MATERIAL HISTORIES
The past and present coexist within an intricate tapestry of history, family, traumas, and imagined futures. They are accessible through the physical structures that bind us to both aspirations and memory. Material Histories showcases the work of 2024 Winter/Spring Artists-In-Residence, Johnny Floyd, Asa Jackson, Adrian Rhodes, and Carlie Trosclair, whose practices investigate these echoes of our collective pasts, speaking through the materiality of our cultural landscapes and architectures.
Painter Johnny Floyd examines the Black experience in America through vibrant color. In his figurative paintings, the Black Body is both disconnecting from a historically oppressive gaze and gazing forward into a future in which Blackness is a sustainable condition in the United States. His practice is a process-driven rumination on the intersection of classical mythologies, ancestral connection, modern Black cultural artifacts, and historical records.
Asa Jackson works as a multidisciplinary artist exploring the cross section of textiles
from various countries, peoples, time periods, and personal histories. His artworks weave together the lives of myriad people reflecting their collective and individual stories. Past and present co-exist in the cut and sewn fabrics of Jackson’s visualized biographies.

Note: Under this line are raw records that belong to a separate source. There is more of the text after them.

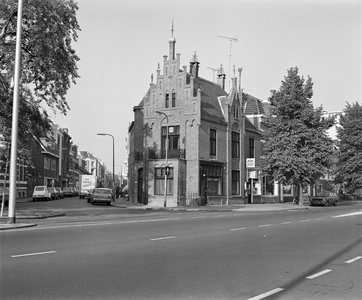 855860 Gezicht in de Mgr. van de Weteringstraat te Utrecht, vanaf de Biltstraat, met rechts enkele huizen aan de ...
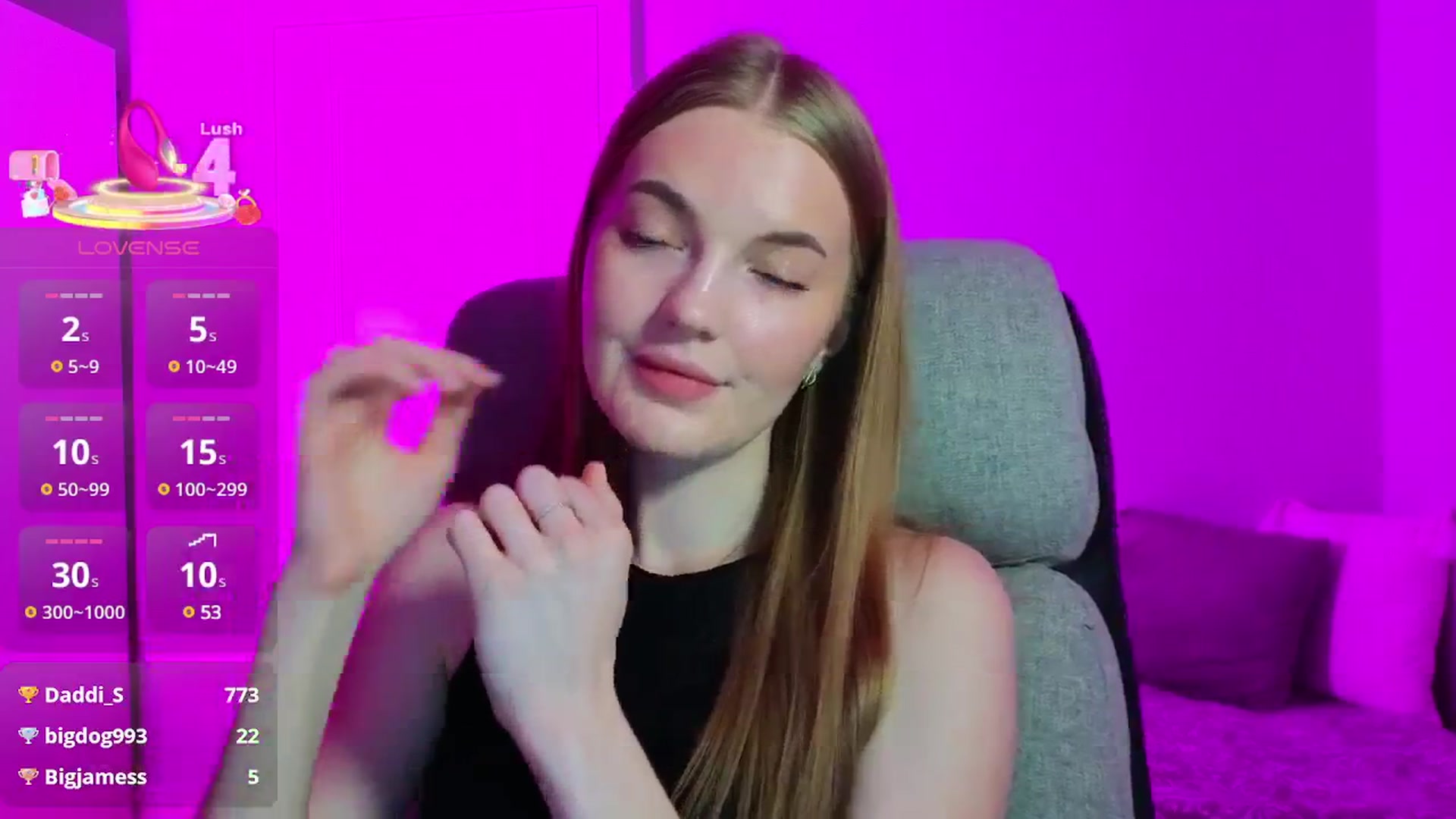 Gallery image thumbnail from LovelyAndy_'s myfreecams stream on, 04/17/2025, 18:27 image 16 of 20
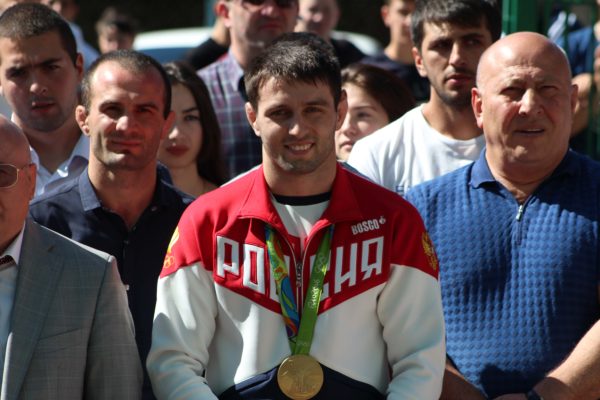 Олимпийский чемпион Сослан Рамонов приехал на родину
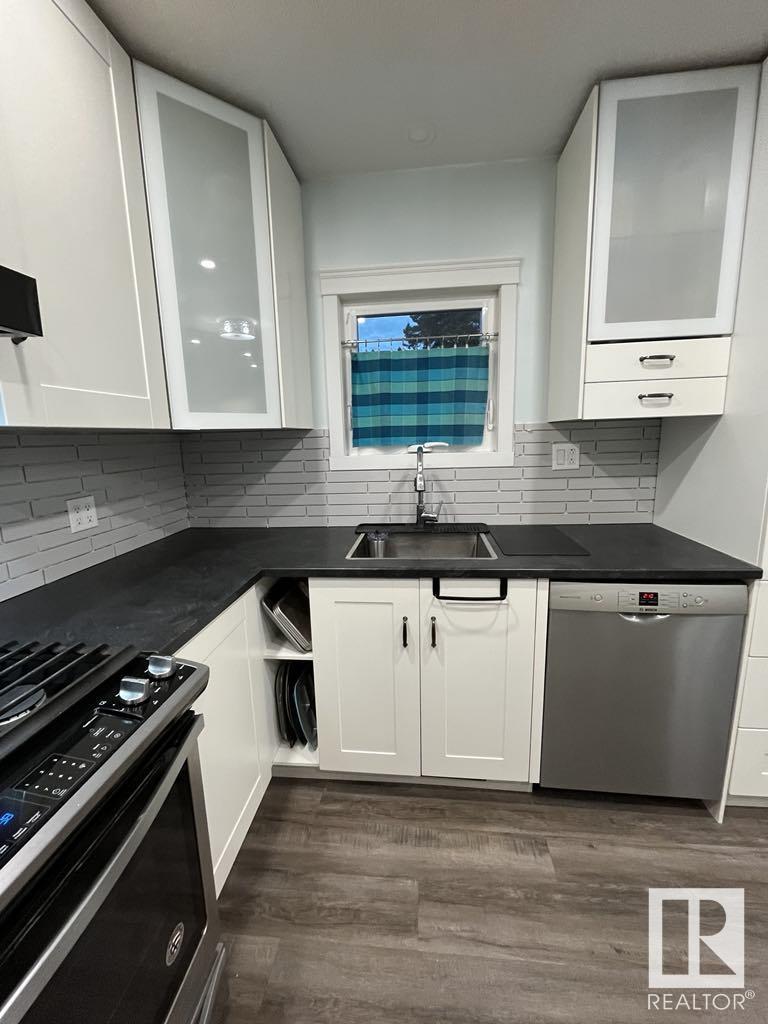      5027 53 AV , Warburg,  ,T0C 2T0 ;  Listing Number: MLS E4414466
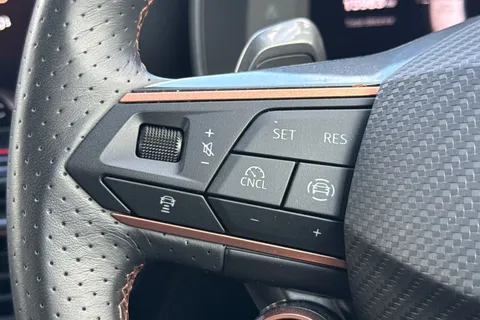 KY25HTK CUPRA Leon 1.5 eTSI V2 DSG Euro 6 (s/s) 5dr Thumbnail #35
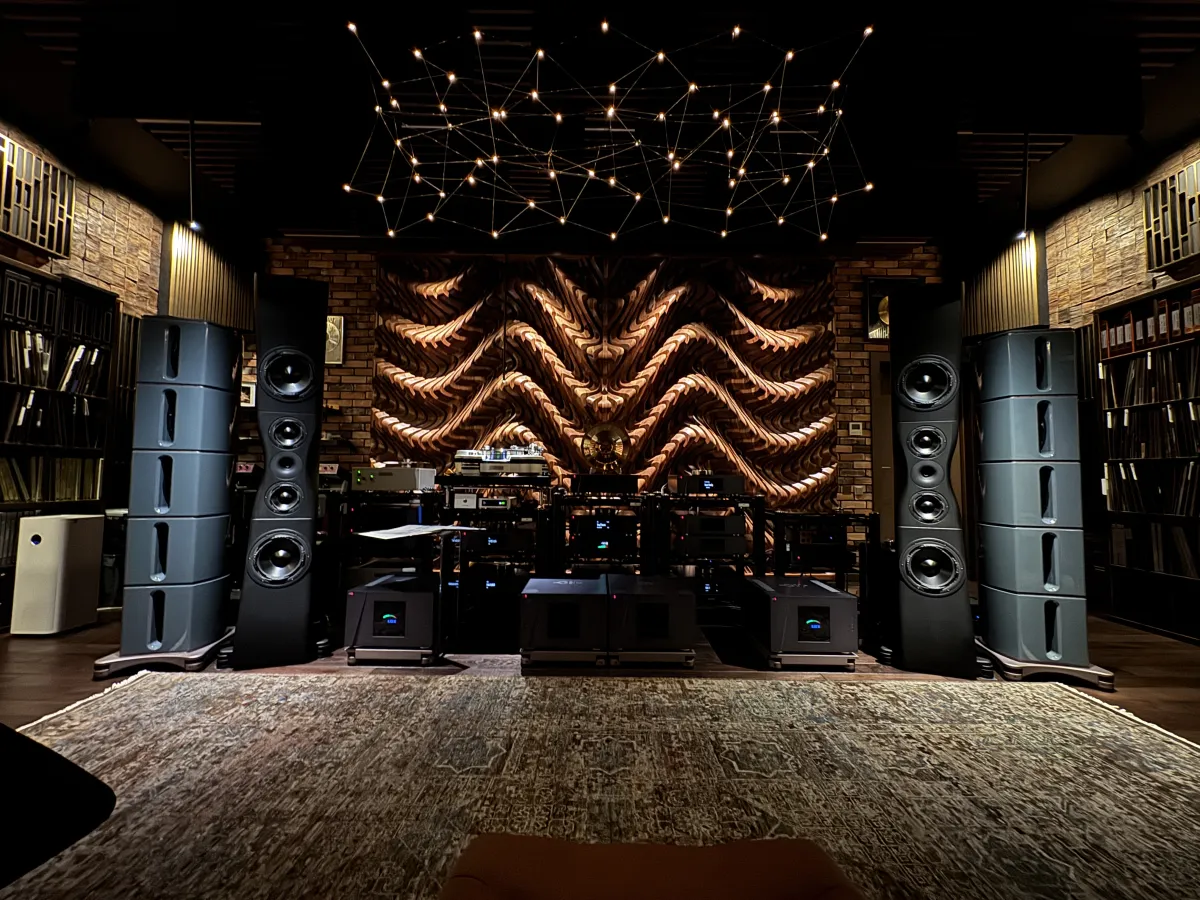 A Unique, All-Around Ultra High-End system. Image source - (c) Hifiverse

Adrian Rhodes utilizes printmaking to explore the desire to separate from your past and return to it in the same breath. She creates a framework through repetition in which to sit with the heavy thoughts of grief, the passage of time, the fleeting nature of joy, and the struggle to hold contradictory feelings simultaneously. This iconography-in-ink is about the people who should be in the room and are not there - the presence of absence.
Architecturally influenced multimedia artist Carlie Trosclair transports entire genealogies into the physical realm using latex as an architectural skin. Paper-thin casts reshape the narrative of home as a sturdy, secure space into one that is vulnerable and ephemeral. These ghostlike imprints create a space that is transient and ever changing: both structurally and in our memory. These become the shells we leave behind; Relics of habitation and homemaking.